(4) Tue Nov 08 2005 22:56 PST: Is it a good idea to make one of those English Christmas fruitcakes? They look really good, but they also look like they might explode at any minute.
I dunno, you made non-alcoholic non-caffeinated tiramisu. I'm not sure I could trust you with a fruitcake recipe unless you promised to use all the rum you could possibly afford.
Do you mean the Christmas puddings you cover with brandy and set fire to, if you're talking about explosions? Yes, it's a good idea, if so, although I'm afraid I can't offer any insider knowledge about making them.
Posted by Leonard at Thu Nov 10 2005 13:45
I'm interested in making the puddings as well, but at the moment I was thinking of the cakes, which I've never seen. My mother made a flammable pudding last year for Christmas, and I also had some at an Australian Christmas party in July. But the cakes are a mystery, and I tend to think that anything mysterious is bound to explode.
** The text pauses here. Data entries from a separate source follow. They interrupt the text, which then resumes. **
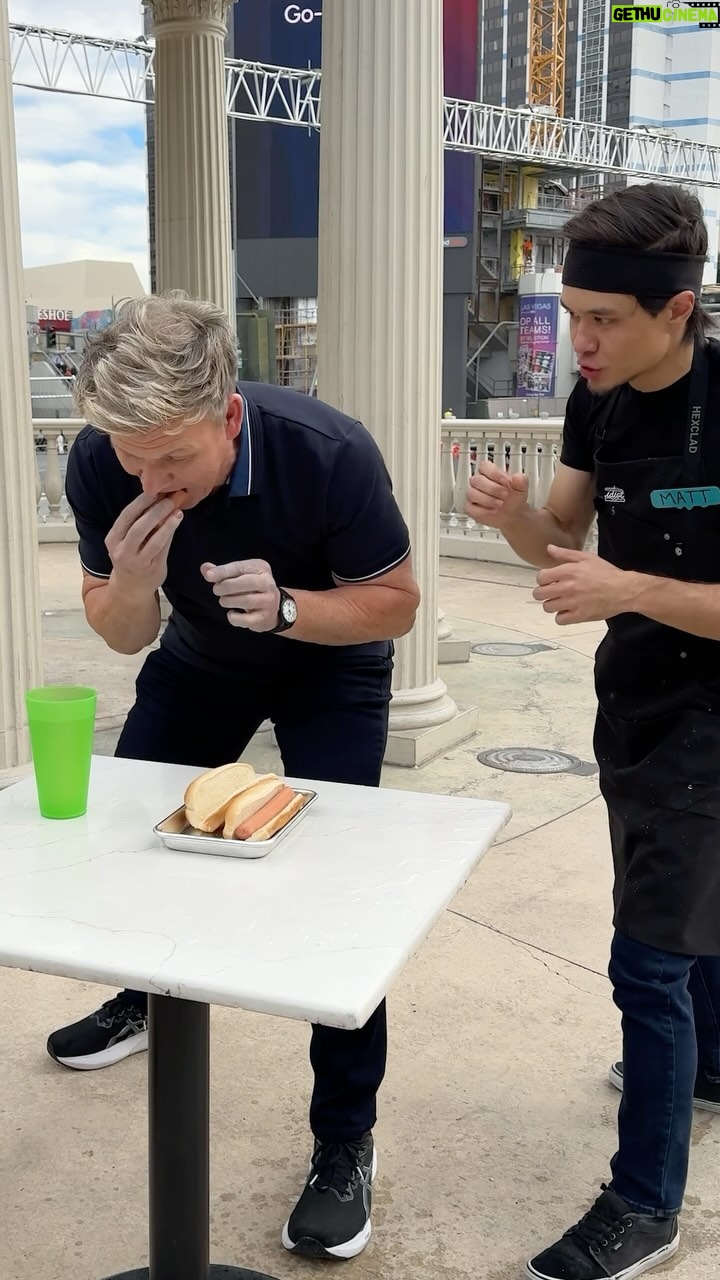 Gordon Ramsay Instagram - We’re not eating 72 hot dogs today on @idiotsandwich but @matt_stonie and others are making their best Shrimp Sandwich ! Head to my YouTube channel to watch now !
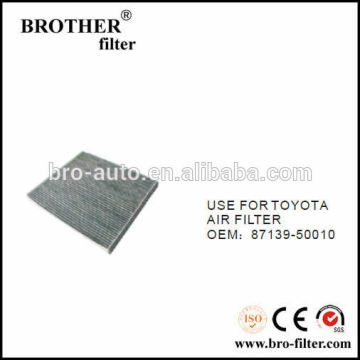 High quality OEM auto air filter 8713950010 for Toyota car air conditioning filter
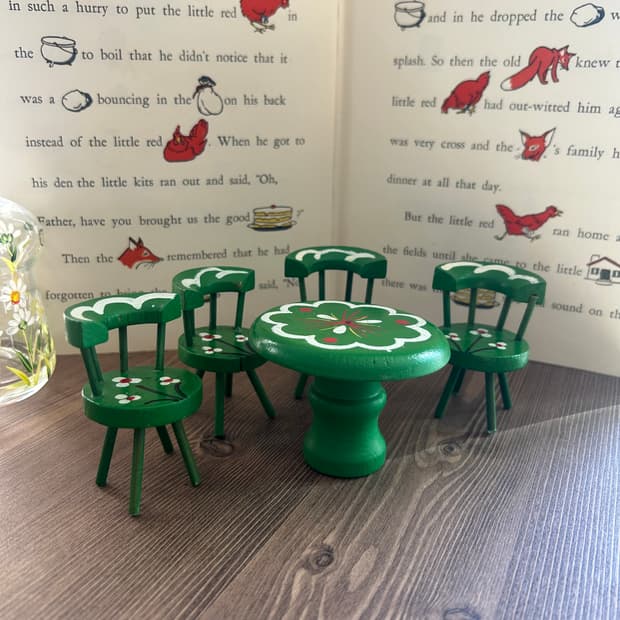 빈티지 미니어쳐 가구 돌하우스 소품 세트 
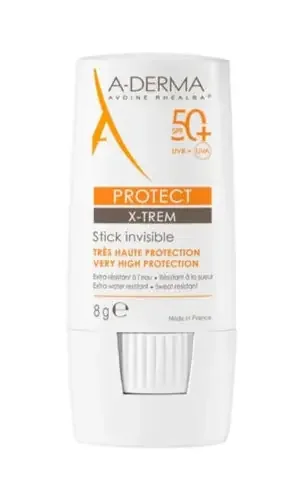 A-Derma protect x-trem stick invisible SPF50+ 8g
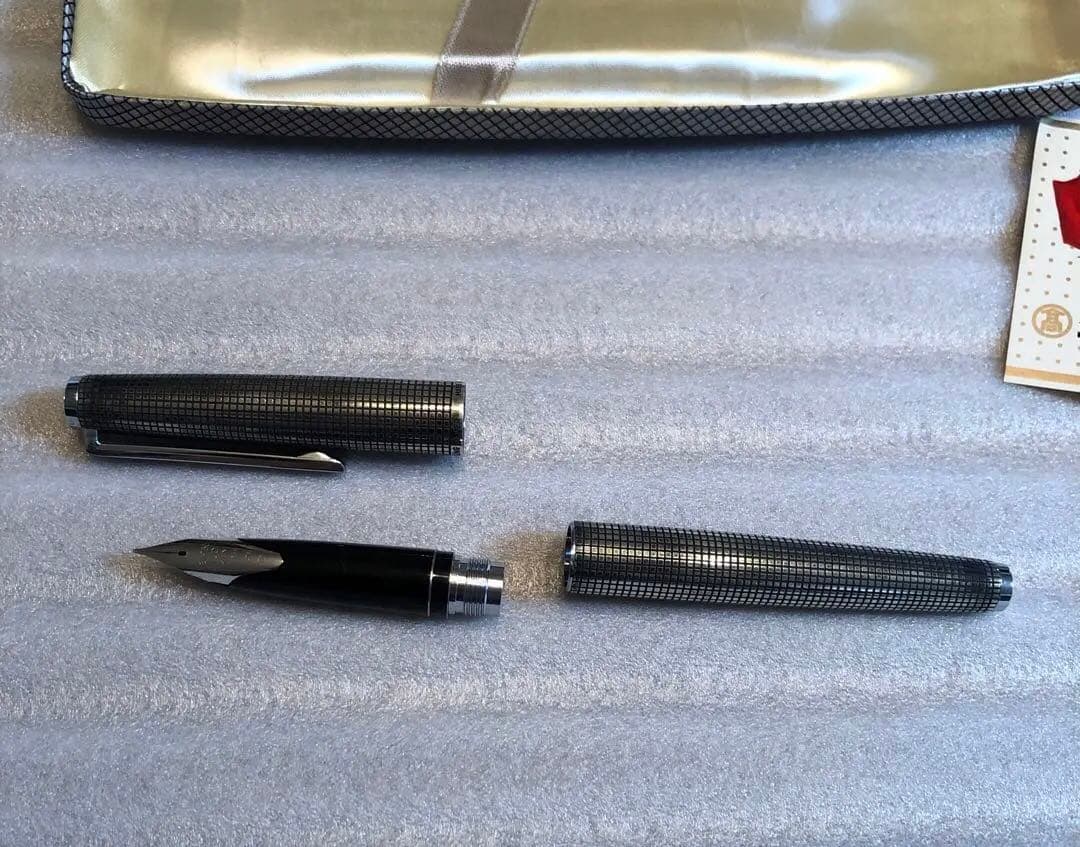 PILOT万年筆カスタム　18金ペン先　スターリングシルバー　1979年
Posted by Nutella at Thu Nov 10 2005 19:32
Au contraire! Traditional English fruitcake is so dense that it is more likely to collapse in a black hole-like manner rather than exploding. It is actually a little late to start working on the cake as the fruit has to be soaked in spirits for months beforehand. If you do go ahead don't forget that the baked cake (which should have the texture, weight and consistency of bitumen) has then to be covered with a thick layer of marizpan (*yellow* marzipan) and then with sugar icing. The icing has to be the kind that sets like a rock and requires chisels to penetrate it. Any kind of soft icing has no place with true Christmas cake. If you achieve all of these aims you are allowed to consume it with a glass of whisky and (optionally) a slice of cheese.The msysterious thing about such cakes is that they can be kept for months with no preservatives. I wonder why.